# DATA TO USE
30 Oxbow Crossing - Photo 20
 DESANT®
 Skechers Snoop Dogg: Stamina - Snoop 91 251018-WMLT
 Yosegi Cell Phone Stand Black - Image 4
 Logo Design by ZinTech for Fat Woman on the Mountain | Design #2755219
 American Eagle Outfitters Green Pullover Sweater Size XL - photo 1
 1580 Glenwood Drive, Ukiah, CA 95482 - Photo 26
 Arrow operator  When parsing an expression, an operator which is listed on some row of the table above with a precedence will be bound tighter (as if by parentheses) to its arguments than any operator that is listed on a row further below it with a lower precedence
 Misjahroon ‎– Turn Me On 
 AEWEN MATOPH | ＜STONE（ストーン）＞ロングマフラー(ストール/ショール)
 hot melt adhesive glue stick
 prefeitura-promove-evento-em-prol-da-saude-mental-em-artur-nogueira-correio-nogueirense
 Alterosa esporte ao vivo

# TASK DIRECTIONS
Please transcribe exactly the lines above from the line that has "Skechers Snoop Dogg: Stamina" up to and including the line that has "1580 Glenwood Drive, Ukiah, CA"; no other line belongs in the answer.

# ANSWER TO THIS PROBLEM
 Skechers Snoop Dogg: Stamina - Snoop 91 251018-WMLT
 Yosegi Cell Phone Stand Black - Image 4
 Logo Design by ZinTech for Fat Woman on the Mountain | Design #2755219
 American Eagle Outfitters Green Pullover Sweater Size XL - photo 1
 1580 Glenwood Drive, Ukiah, CA 95482 - Photo 26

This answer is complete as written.